March 20, 2007 - 8:05 pm UTC
thank you..........
dblinks...
Russ, March 20, 2007 - 8:51 pm UTC
My office is extremely afraid of dblinks because once, a long time ago, the application froze because one of the databases it was connecting to using a dblink crashed (or simply became unavailable) in the middle of the transaction. Memories are hazy on the exact details but they remember a dblink was involved so it was used as the scapegoat. And, yes, they spent considerable time and effort to write a perl program to do the job of the dblink. :-(
March 20, 2007 - 9:09 pm UTC
you cannot write a perl script to do the job of a dblink, it is not possible.
dblink was for select
Russ, March 21, 2007 - 7:22 am UTC
Well, the dblink was only used in a select statement so the perl copies the data from one database to the other every five minutes. I did not agree that writing the perl code was necessary but you can't win them all...
The first time I've ever...
Duke Ganote, March 21, 2007 - 10:12 am UTC
I think that's the first time I've ever been lumped in with
"bus/messaging/queueing/SOA developers/salesmen/evangalists" and other snake-oil sales reps.
We're probably in violent agreement that
"queues or message buses are great, in the right circumstance". We just need to be clear on those circumstances.
"If one of the databases the data is required to be in isn't available, your application is in trouble regardless
of the 'coupling'."Depends on the data, so perhaps I should have qualified my original statement. Replication is one mechanism to provide de-coupling
http://en.wikipedia.org/wiki/Decoupling#electronics For example, we are migrating from a plethora of legacy reporting databases to one. As a step in the migration, we have conformed dimensions used in all of the databases. These are slowly changing dimensions. Rather than dblink several databases to one with the "master" conformed dimensions, we replicate the conformed dimensions. Thus, if database 'A' with the master copy becomes unavailable, the other databases have their own local copy, and processing continues.
There's more to it...
Michael Friedman, March 25, 2007 - 10:52 am UTC
AQ, for example, is just a messaging platform layered on top of a DBLink.

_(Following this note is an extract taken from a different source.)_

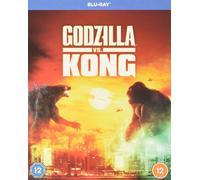 Godzilla vs. Kong (Blu-ray) Alexander Skarsgård Millie Bobby Brown Rebecca Hall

I'm not sure if your people who don't like DBLinks would consider that good or bad, and I'm not sure if the people saying that DBLinks are the best solution would consider them a subset of DBLinks or not, but I certainly consider AQ to be superior to a DBLink for many applications.
For example, I can send a Production Order from a merchandising team in Bangkok to a factory in Vietnam (real example) as an XML message. I know that I have guaranteed one time delivery, that the appropriate procedural logic will get called on the far end when that XML message arrives, and that as long as both applications stick to the same interface contract - that they follow our agreed on XML schema - it doesn't matter what other changes get made under the covers on either side.
I also have a much higher level administration interface for addressing, managing routing and message handing, and checking if messages have or have not been sent.
Last part is particularly important since we're now having a discussion about giving suppliers a free application running on Oracle XE (perhaps even bundled on a cheap PC) to handle receiving POs and sending back packing lists, ASNs, and invoices.
So how about "DBlinks are fine especially for point to point bulk transfers of table data but if you want to move complex objects between several heterogeneous systems in an environment in which versions (and even applications) will change and may not stay in synch then a messaging layer will probably work out better in the long run."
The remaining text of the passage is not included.